Iceland, home to glaciers, fjords, black-sand beaches, geothermal springs, pop-star/fashion-comic Bjoerk, and one of the world's most unpronounceable languages (it sounds like Swedish spoken after half a bottle of Jack Daniel's), is burdened with an unfair reputation. Most people who haven't been here think it's, well, icy. Parts of it are, but thanks to the warm North Atlantic current, in general Iceland's winter climate is more temperate than New York City's--and the country's 297,000 citizens are warmer in temperament, too. The difference is, when the occasional blizzard hits Manhattan, the generally preferred emergency procedure is to tell your cab driver to drop you at the Carlyle Hotel for a snifter of Macallan. But when a blizzard roars into Iceland's remote, primordial Highlands, where it's found us, you either stay firmly glued to the taillights crawling along ahead of you, or you start perusing the dinner recipes in the Donner Party Cookbook.

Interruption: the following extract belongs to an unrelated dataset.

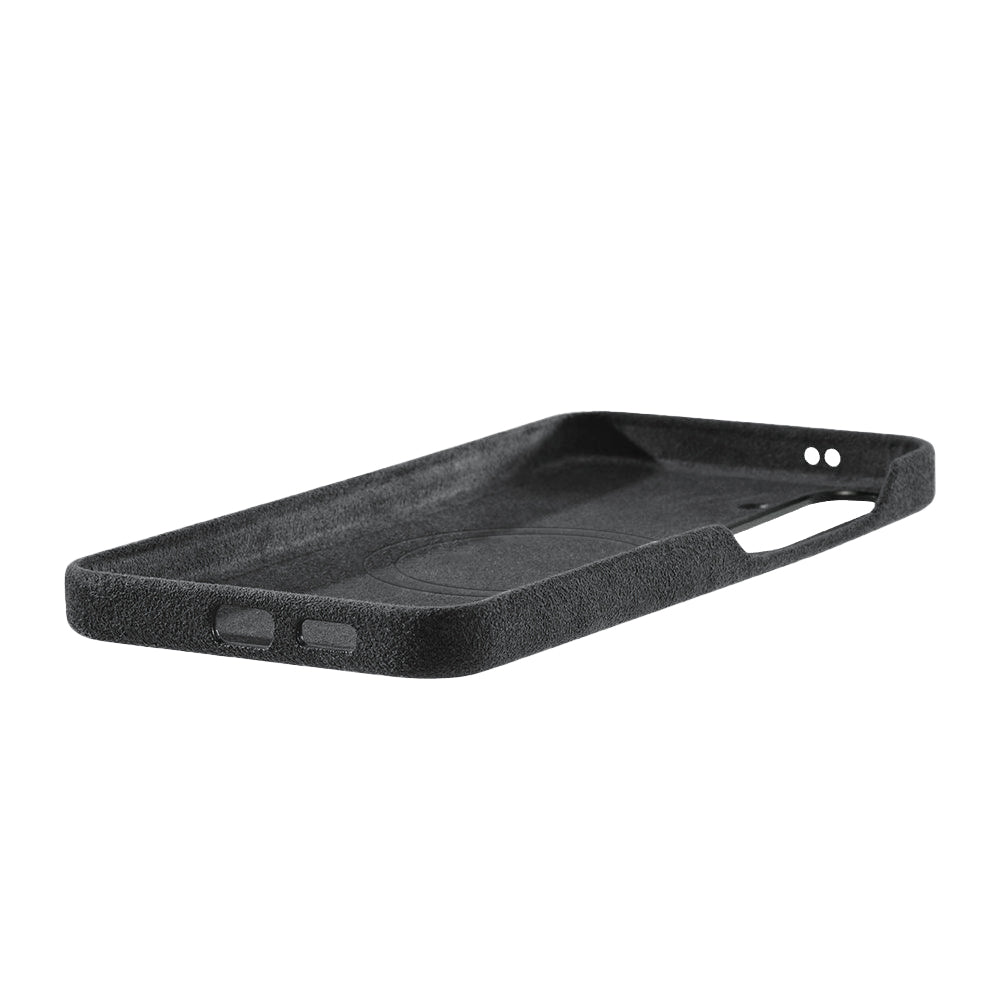 Samsung Galaxy S24 - Alcantara Case - Space Grey - Alcanside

Instead of staying home and munching tofu sprouts by the pool in sunny L.A., I've come to Iceland to join up with a Land Rover Experience expedition, a team of professional off-road guides who lead adventure-seekers on high-octane SUV drives all over the world. Our expedition started under a benevolent blue sky: three hours by highway southeast out of Reykjavik, then off-road across Iceland's vast lunar landscape (this is where the Apollo moonwalkers trained), up snow-covered slopes, through several deep-river crossings, and finally to an overnight stop at the isolated cabins and hot springs of Landmannalaugar, an Icelandic word for "journalists who forget to bring their trunks swim naked." At least I enjoyed the view (in the sky): Northern Lights glowing on the horizon, Milky Way shimmering above, shooting stars crisscrossing the cloudless void. Sleep came easy that night.
We awoke to a white-out. "Afraid I have to cancel all of today's planned activities," said expedition leader David Sneath to the group at dawn. "Our objective now is just to make it back to the main road." The words "with our lives and all of our limbs" would've been redundant.

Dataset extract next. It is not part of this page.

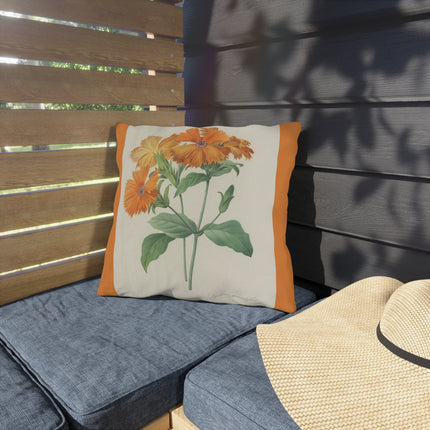 Choix des plus belles fleurs, Plate 044 by Pierre Joseph Redouté Outdoor Pillows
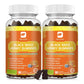 (2 Pack) Black Seed Oil Sea Moss Gummies with Ashwagandha, Burdock Root, Linden Honey, Elderberry, Turmeric, Vitamin C, D3 & Zinc - Supports Immunity, Joints, Digestion, Hair & Skin, Vegan Gummies 120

That was nine hours ago. Since then we've traveled less than a half-mile, probably getting us out of the Landmannalaugar parking lot. The arrow on the GPS screen has moved, but mostly in circles. Every time one of us climbs out of the vehicle to scrape the windshield--which freezes solid every five minutes or so--the howling wind tries to tear the door off its hinges.
But we have it good compared with Sneath and his crew, who are out there in the storm, walking with sticks to gauge snow-drift depth before we forge ahead, 25 meters at a time. And we're all getting stuck, slowing us down even more as we stop frequently to hook up tow ropes and snatch each other out. A few hours later, the sun sets, and all any of us can see is what's lit up by the headlights. And that's all white. Pass the cookbook, please.
It's nearly 2 a.m., after 18 hours of creeping along, digging each other out, tip-toeing down icy grades, refueling with jerry cans, and just sitting still while we all figure out what to do next, when we finally make it back to the main road--a testament to the super-capable LR3 and to Sneath's tenacious team.
Our dinner is hot soup. Vegetarian, thankfully.